Rip Currents and Remembering

When we moved to Tampa, Fl eight months ago, I didn't expect things to go this way. I quietly wrote the blog titled "Lighthouses and Life Restored" and wandered forward into the unknown. People say it's important to write things down, to see them, to visualize what you want and need, work hard and so it will be. I remember visualizing, I remember imagining a home that wasn't failing structurally, a backyard that the dogs could really run in, a space for The Yoga Room, and an overall feeling of relief. There have been many many of these relieving moments since we landed in this little Jean Street house, and I feel so much gratitude that sometimes I can't hold the happy tears back. Coffee on the back porch, Brandy's old beagle-body soaking up the sunshine while she sleeps at my feet, bike rides to the brewery and yoga and the coffee shop with Steve. It's all so good.

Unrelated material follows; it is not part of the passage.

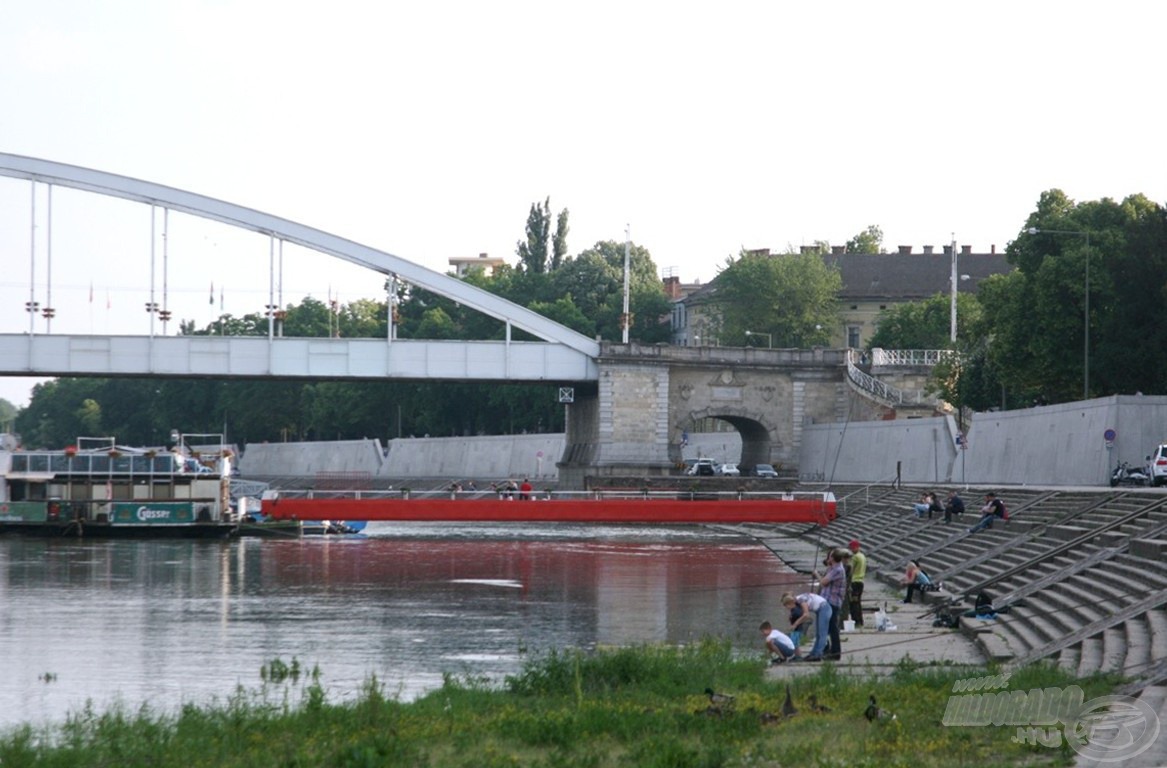 Horgászkörökben is frekventált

But without fail, the calendar slowly turns over and despite my resistance, June and July show up. I can hear you now, "What? You hate summer? Who hates summer?" I don't hate summer, but rather what summer reminds me of. No matter how busy I stay, how distracted I make myself, no matter if I greet these months and acknowledge their power, or even if I surrender completely, it pulls me under. Grief like a rip current.


The thing about rip currents is that they will drag you to the bottom and hold on until they are ready to finally let you go. There is no point in the struggle, it's best to relax in the chaos and trust that the release will come. I'm not really afraid of the grief, of the images and the dreams that inevitably come, the way my body remembers, the weight of sadness or the sear of my anger about it all. I'm not afraid of the blanket of depression, because I know the weight of it so well... I'm afraid of the swim back up, the work of fighting like hell to get back to the surface.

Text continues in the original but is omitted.